GREETINGS! Welcome to Fair Housing News!, a newsletter produced by the GBCHRB as a public service. Contact us for a free copy of any article or if you would like this e-mailed to you: 410-453-9500 / 800-895-6302 / More info/resources:


20th Martin Luther King Day Celebrated. Dr. King would have been 77. The annual Dr. Martin Luther King, Jr. Parade was held in downtown Baltimore, with the theme "Celebrating Yesterday's Victories, Facing Today's Challenges." In a speech the day before, the Rev. Benjamin L. Hooks, who worked with King, told a Glen Burnie crowd of 1,000 that "We still have work to do. The dream must not die." Amen. (Baltimore Sun, January 14, 2006:3B)

Taylor Branch Publishes Final Installment in Three-Volume Prize-Winning America in the King Years, a Biography of Martin Luther King, Jr. (New York: Simon & Schuster, 2005, 1056pp., $35.00). Branch's first installment, Parting the Waters, won the Pulitzer Prize, and Branch keeps to the same extremely high standards of writing, research, and analysis. This volume, true to the 1965-1968 period it covers, focuses on the changing culture and politics. King realizes he must work on combating "nationalized racism" after his 1966 Chicago housing experience - e.g., the Cicero march/riot - shows it isn't just a Southern problem. Branch helps us understand the complexities of the operating forces, in a narrative that is very readable. There is a local connection: Branch is a Baltimore resident. Heartily recommended.

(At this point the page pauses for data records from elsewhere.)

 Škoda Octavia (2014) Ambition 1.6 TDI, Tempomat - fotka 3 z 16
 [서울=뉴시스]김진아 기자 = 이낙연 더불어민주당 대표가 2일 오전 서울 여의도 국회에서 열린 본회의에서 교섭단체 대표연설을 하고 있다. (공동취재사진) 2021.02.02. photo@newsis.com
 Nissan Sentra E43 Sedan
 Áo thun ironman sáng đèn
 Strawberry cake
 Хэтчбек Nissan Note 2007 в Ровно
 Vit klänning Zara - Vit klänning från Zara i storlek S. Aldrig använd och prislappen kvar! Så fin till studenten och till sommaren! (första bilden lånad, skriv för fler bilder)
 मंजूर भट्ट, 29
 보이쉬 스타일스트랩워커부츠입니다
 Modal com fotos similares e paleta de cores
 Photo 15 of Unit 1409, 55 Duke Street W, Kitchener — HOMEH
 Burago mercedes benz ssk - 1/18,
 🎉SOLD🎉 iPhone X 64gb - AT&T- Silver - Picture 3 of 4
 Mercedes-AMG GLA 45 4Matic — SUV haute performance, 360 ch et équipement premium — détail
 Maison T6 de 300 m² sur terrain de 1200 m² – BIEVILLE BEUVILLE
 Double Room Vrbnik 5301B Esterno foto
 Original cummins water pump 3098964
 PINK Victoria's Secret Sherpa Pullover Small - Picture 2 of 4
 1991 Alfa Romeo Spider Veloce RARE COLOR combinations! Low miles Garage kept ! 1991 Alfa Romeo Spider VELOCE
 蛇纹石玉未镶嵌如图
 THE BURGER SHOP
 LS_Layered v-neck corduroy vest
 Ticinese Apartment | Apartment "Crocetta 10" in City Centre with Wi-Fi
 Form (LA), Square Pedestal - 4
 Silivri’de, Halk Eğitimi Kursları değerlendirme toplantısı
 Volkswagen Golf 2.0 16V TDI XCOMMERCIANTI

The Number of Fair Housing Complaints Remain at Record Levels. HUD, State, and Local Agencies Received a 13% Increase in Fair Housing Complaints in FY2005. For the first time, disability cases surpassed race discrimination as the most common allegation in HUD complaints, and amounted to 41% of all complaints.

HUD Commends California Human Rights Agency for Winning $1 Million Settlement for Accessible Parking Space. The California Department of Fair Employment & Housing sued a landlord who refused to provide an accessible space to a San Francisco woman. The Superior Court settlement provided $1 Million in compensatory damages, an upper level parking space for the woman, and $2,650 to a private agency that had tried to intervene for the woman with the landlord. (HUD Fair Housing News, Fall-Winter-2005:2-3)

Study of NIMBYism Labels It "Major Obstacle." In this update to its acclaimed 1991 analysis Not in My Back Yard: Removing Barriers to Affordable Housing, HUD concluded that "NIMBYism continues to prompt the implementation of regulatory barriers that pose major obstacles to rental housing, high-density development, and other types of affordable housing." The study found that while there is a broad consensus that government should see that everyone has access to affordable housing - 68% in a National Association of Realtors 2005 survey agreed government should"place a higher priority on making housing more affordable in my area" - resistance emerges when affordable housing comes close to one's home. As a possible solution, HUD points to recent campaigns that incorporate research findings and public feedback - by such organizations as the Fannie Mae Foundation - that seek to educate, to reframe issues in positive terms, and to underline universal values and shared hopes. (Research Works, Dec./Jan., 2006:1-2)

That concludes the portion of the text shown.